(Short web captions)
□ □ □ □
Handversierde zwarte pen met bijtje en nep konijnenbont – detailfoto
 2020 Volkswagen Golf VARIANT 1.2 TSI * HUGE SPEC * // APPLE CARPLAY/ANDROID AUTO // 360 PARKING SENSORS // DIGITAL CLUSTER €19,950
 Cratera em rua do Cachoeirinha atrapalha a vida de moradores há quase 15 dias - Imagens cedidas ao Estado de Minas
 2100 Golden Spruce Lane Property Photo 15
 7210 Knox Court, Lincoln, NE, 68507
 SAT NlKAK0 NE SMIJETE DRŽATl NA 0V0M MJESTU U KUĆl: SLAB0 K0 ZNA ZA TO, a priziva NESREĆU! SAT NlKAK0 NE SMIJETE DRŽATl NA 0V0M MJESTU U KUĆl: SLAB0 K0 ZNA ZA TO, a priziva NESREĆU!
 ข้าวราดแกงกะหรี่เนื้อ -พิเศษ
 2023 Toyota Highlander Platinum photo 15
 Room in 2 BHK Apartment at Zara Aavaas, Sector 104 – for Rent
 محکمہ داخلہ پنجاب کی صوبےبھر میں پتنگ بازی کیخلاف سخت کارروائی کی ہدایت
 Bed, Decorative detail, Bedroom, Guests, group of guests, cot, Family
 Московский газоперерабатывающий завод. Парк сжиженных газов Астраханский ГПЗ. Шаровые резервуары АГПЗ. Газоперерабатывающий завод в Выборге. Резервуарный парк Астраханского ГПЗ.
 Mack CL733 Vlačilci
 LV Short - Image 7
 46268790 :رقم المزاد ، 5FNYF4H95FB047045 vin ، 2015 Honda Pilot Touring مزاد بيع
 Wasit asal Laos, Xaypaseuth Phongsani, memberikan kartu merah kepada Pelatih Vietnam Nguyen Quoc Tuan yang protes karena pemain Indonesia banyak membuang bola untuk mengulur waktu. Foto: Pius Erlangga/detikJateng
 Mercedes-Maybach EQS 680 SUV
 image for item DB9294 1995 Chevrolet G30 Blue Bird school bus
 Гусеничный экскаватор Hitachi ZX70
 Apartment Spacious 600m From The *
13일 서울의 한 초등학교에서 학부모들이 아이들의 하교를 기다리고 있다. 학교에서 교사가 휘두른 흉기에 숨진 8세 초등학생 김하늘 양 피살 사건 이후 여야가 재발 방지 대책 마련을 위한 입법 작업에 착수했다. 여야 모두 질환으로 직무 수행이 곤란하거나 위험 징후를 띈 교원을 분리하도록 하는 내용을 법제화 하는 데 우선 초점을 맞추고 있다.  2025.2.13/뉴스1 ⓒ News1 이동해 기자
□ □ □ □
**Work to be completed:**
Wherever the word "Apartment" appears in a line of the data above, copy that line.

**Response to the task:**
 Room in 2 BHK Apartment at Zara Aavaas, Sector 104 – for Rent
 Apartment Spacious 600m From The *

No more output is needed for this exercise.